The Power of Habit: Why We do What We do in Business and Life
I’ve found that it’s pretty hard to build a good habit, like doing 50 pushups a day and eating broccoli. Once temptation comes calling, it’s easy to slip back into bad habits, like stuffing my mouth with hazelnut chocolate — a delicious vice that I struggle with.
The fascinating part is that the mechanism for habit building is the same, whether good or bad. I never really understood this until I read this book, and it helped de-mystify a lot about my own behavior. The Power of Habit and the science behind the book has been around for a while, but it’s definitely worth revisiting every now and then.

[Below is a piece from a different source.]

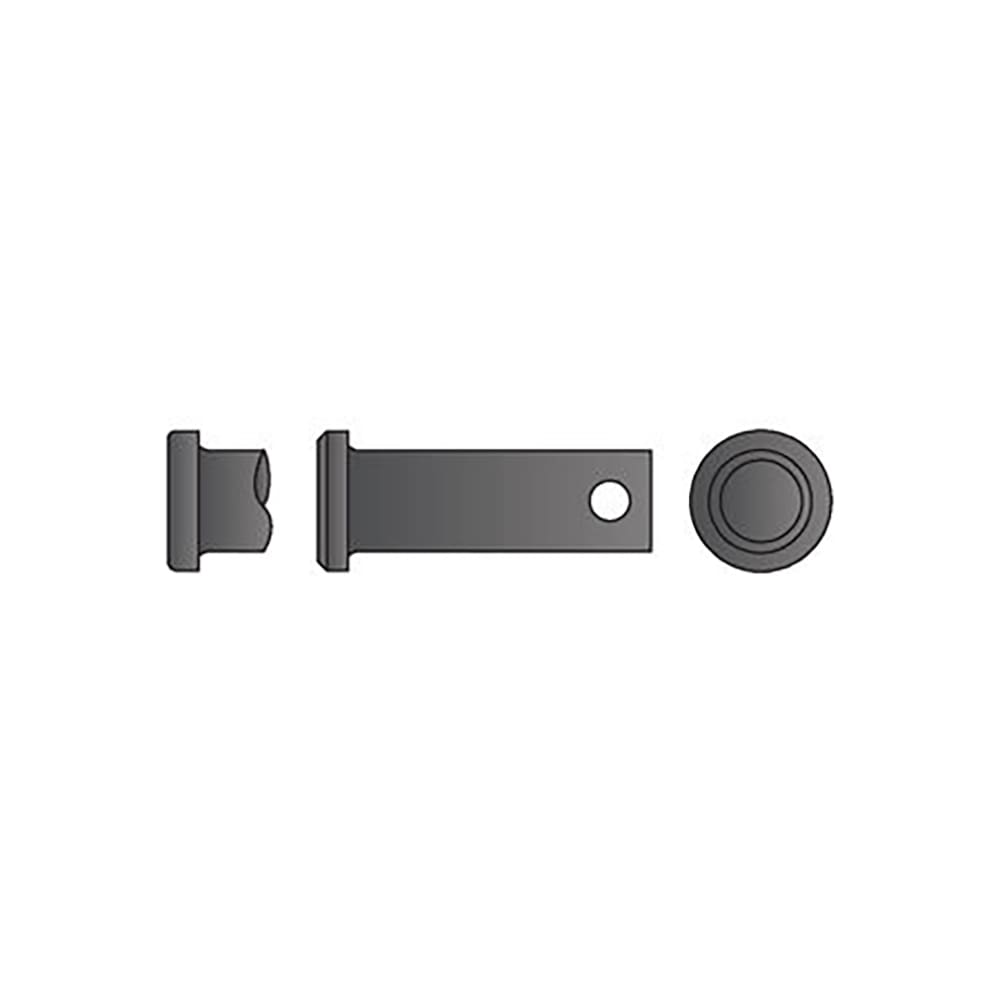 Galbreath™ Clevis Plain Pin 1X3 1/2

For anybody looking for a practical guide to break bad habits, and build new ones — this is it.
Big ideas from the book:
The Habit Loop:
This process within our brains is a three-step loop. First, there is a cue, a trigger that tells your brain to go into automatic mode and which habit to use. Then there is the routine, which can be physical or mental or emotional. Finally, there is a reward, which helps your brain figure out if this particular loop is worth remembering for the future: THE HABIT LOOP Over time, this loop—cue, routine, reward; cue, routine, reward—becomes more and more automatic. The cue and reward become intertwined until a powerful sense of anticipation and craving emerges. Eventually, whether in a chilly MIT laboratory or your driveway, a habit is born.
Keystone Habits
O’Neill believed that some habits have the power to start a chain reaction, changing other habits as they move through an organization. Some habits, in other words, matter more than others in remaking businesses and lives. These are “keystone habits,” and they can influence how people work, eat, play, live, spend, and communicate. Keystone habits start a process that, over time, transforms everything
Small Wins
Making your bed every morning is correlated with better productivity, a greater sense of well-being, and stronger skills at sticking with a budget. It’s not that a family meal or a tidy bed causes better grades or less frivolous spending. But somehow those initial shifts start chain reactions that help other good habits take hold.
The limits of Willpower
“If you want to do something that requires willpower—like going for a run after work—you have to conserve your willpower muscle during the day,” Muraven told me. “If you use it up too early on tedious tasks like writing emails or filling out complicated and boring expense forms, all the strength will be gone by the time you get home.
Another quote from the book:
“Champions don’t do extraordinary things. They do ordinary things, but they do them without thinking, too fast for the other team to react. They follow the habits they’ve learned.”